===== Recorded data

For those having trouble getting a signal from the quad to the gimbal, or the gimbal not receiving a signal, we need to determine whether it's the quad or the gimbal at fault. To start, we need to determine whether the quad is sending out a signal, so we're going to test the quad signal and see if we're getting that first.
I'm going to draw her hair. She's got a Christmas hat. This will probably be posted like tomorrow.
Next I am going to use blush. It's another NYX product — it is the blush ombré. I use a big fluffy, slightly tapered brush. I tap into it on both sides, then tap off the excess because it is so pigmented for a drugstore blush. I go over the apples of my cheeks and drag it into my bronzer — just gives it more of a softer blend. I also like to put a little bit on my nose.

==========
===== Recorded data

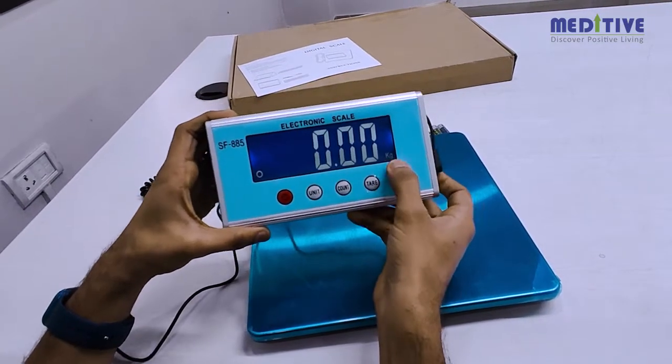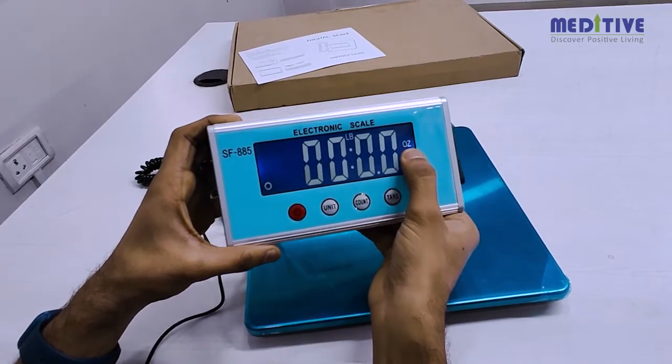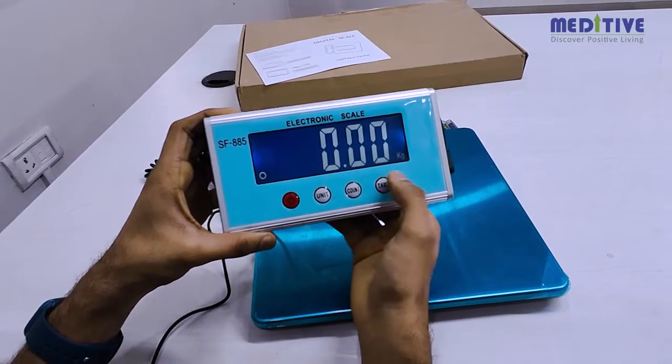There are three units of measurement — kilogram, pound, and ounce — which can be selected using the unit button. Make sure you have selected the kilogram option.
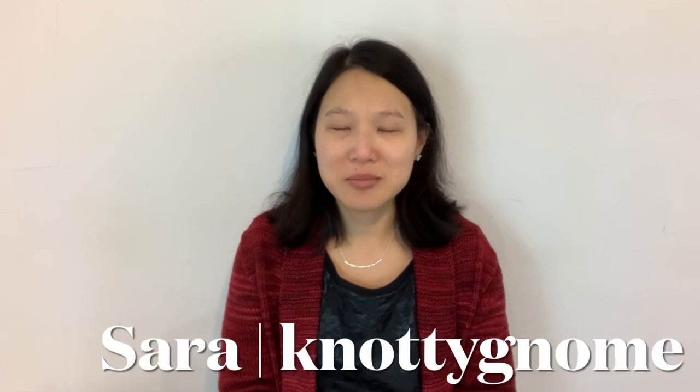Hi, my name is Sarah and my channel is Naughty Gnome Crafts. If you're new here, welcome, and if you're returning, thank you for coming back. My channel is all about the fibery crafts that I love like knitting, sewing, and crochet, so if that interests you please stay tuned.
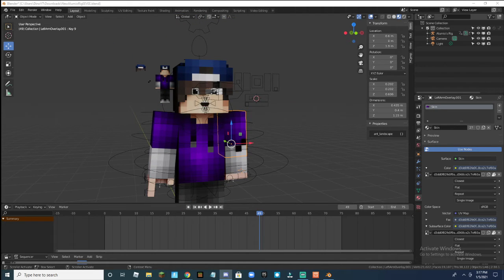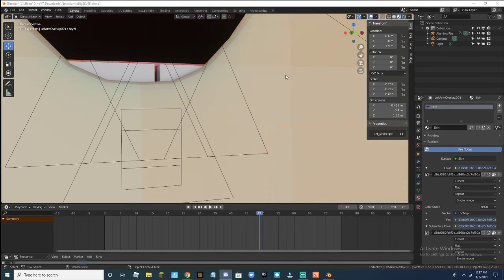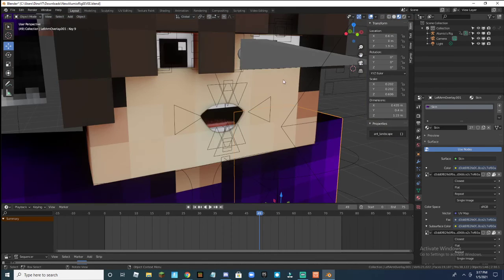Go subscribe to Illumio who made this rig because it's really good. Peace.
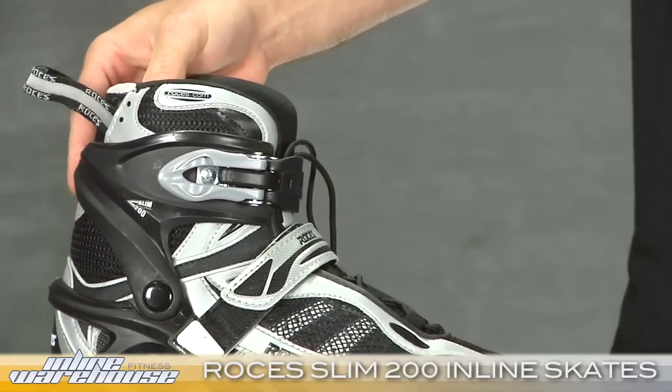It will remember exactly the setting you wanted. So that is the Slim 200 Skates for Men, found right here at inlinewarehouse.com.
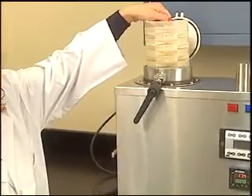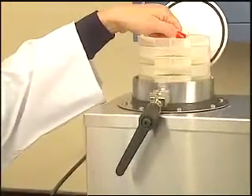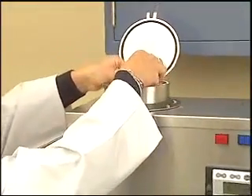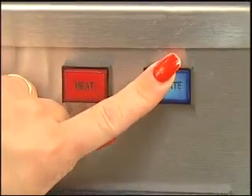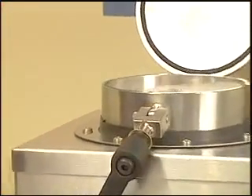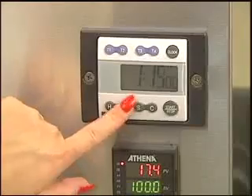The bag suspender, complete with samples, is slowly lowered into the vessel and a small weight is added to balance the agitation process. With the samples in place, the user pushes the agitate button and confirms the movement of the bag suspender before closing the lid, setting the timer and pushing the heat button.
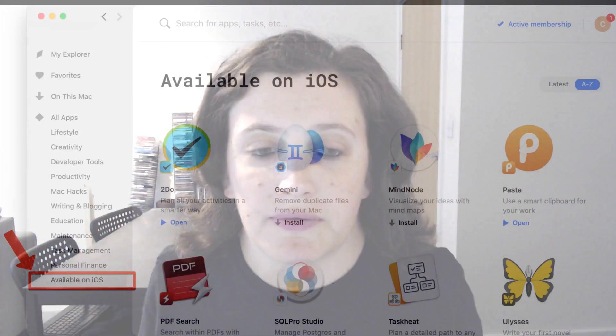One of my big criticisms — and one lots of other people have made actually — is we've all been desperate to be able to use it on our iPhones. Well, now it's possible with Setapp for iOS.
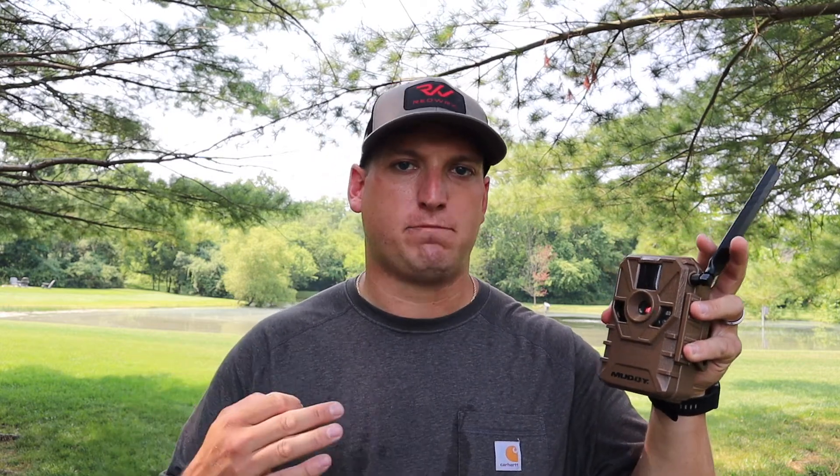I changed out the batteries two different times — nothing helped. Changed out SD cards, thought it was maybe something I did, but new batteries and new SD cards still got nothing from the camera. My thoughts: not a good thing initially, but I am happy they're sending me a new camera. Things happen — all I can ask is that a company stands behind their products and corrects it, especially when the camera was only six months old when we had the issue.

==========

### Exercise details:
Write out exactly the lines above between the line with "For those having" and the line with "I'm going to", inclusive, and nothing beyond them.

### Solution for this task:
For those having trouble getting a signal from the quad to the gimbal, or the gimbal not receiving a signal, we need to determine whether it's the quad or the gimbal at fault. To start, we need to determine whether the quad is sending out a signal, so we're going to test the quad signal and see if we're getting that first.
I'm going to draw her hair. She's got a Christmas hat. This will probably be posted like tomorrow.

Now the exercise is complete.